In February, at the final statement for 2016-17, there was a change in stance although there was no change in the repo rate. The MPC chose to change the stance from accommodative to neutral, as the RBI apparently was looking forward to 2017-18 and the medium term target of 4% inflation with a band of +/- 2%.

Meanwhile, the government’s CSO confirmed the slowing in the economy for 2016-17 to 7%, down from its projection of 7.8%. Inflation continued to trend down – now to 3.5% in December, below 4% for the second consecutive month.

What about RBI’s outlook on output and prices. RBI acknowledged for the first time that inflation numbers were coming in weaker than expected and that for 2016-17 inflation would come in below its target of 5%. The RBI did not put forward a path for inflation in 2017-18. RBI further toned down its growth expectation to 6.9% for 2016-17. Growth was, however, expected to recover ‘sharply’ to 7.4% in 2017-18.

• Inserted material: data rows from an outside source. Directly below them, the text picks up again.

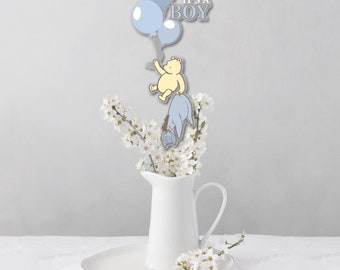 Nalle Puhs mittpunkt för babyshower Nalle Puhs tema klassisk dusch Nalle Puhs festdekoration Nalle Puhs babyshowerdekor Klassisk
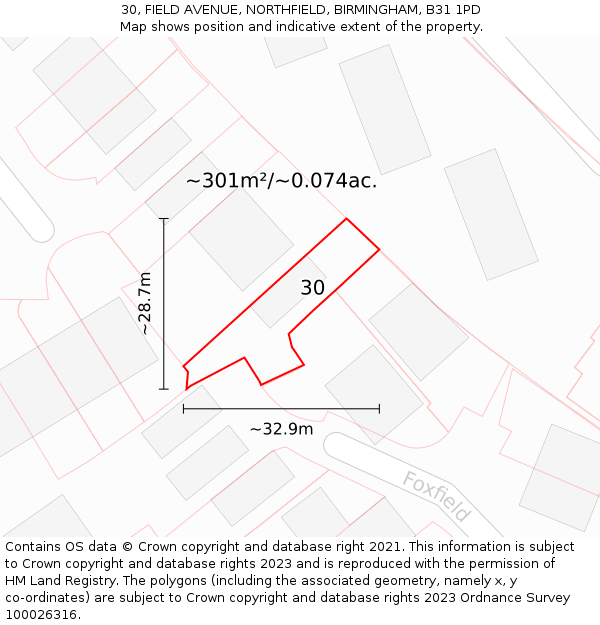 30, FIELD AVENUE, NORTHFIELD, BIRMINGHAM, B31 1PD: Plot and title map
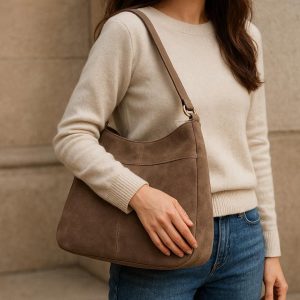 Women's Soft Suede Shoulder Bag - Elegant & Durable for Casual Outings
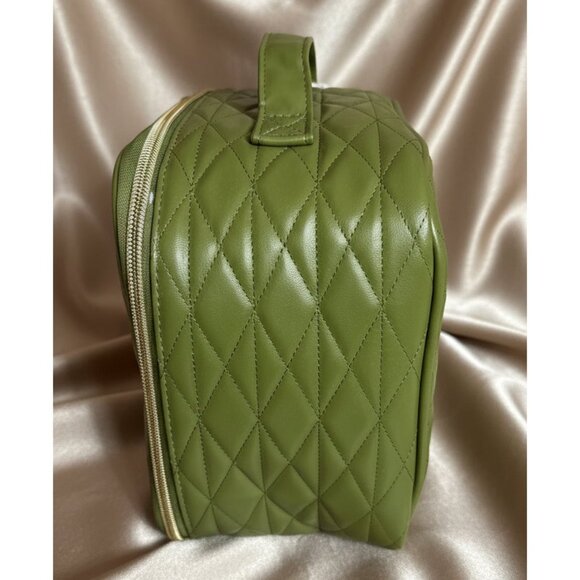 Rachel Zoe Olive Green Quilted Travel Set + Disney Tinker Bell Lip Oil Bundle - Picture 6 of 9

In this environment, it is indeed baffling to me how the MPC could have chosen to change the stance of monetary policy from accommodative to neutral. Neutral suggests that the repo rate could go up. (The accommodative monetary policy was jump-started by Governor Rajan in an unscheduled statement in early January 2015 outside the policy review cycle, after five to six months of easing of inflationary pressures.)

In the first nine months of the financial year inflation had come down from 5.5% to 3.5% - even below RBI’s medium term target of 4%. The real interest rate for one-year treasury bills had gone up from about 1.5% to 3%. The real rate is closely monitored by the RBI, and has served as a bench mark for the RBI to decide the pace of monetary easing. The RBI’s target for the real rate has varied but recent statements suggested a desired level of about 1.5%. A real rate of 3% suggested that the RBI’s key policy rate, the repo rate, was too high.

2017-18
At the first statement for the new financial year, the MPC chose to keep the policy rate unchanged. The statement noted CSO’s downward revision in the growth for 2016-17 to 6.7% from 7%. RBI now projected an inflation path of 4.5% in the first half and 5% in the second half of the year, with the sense that “underlying inflationary pressures persist”. Meanwhile, in the intervening period since the last statement, inflation continued to be about 3.5%!

And then we come to the statement last month. CSO further downgraded growth in 2016-17 to 6.6% - a full percentage lower than RBI’s projection of 7.6% in June of 2016. There was a recognition that growth had decelerated in manufacturing and services in Q1 and Q2 of 2016-17 – even before demonetisation. Meanwhile, the new numbers on inflation in March and April showed further fall, with the number for April below 3%.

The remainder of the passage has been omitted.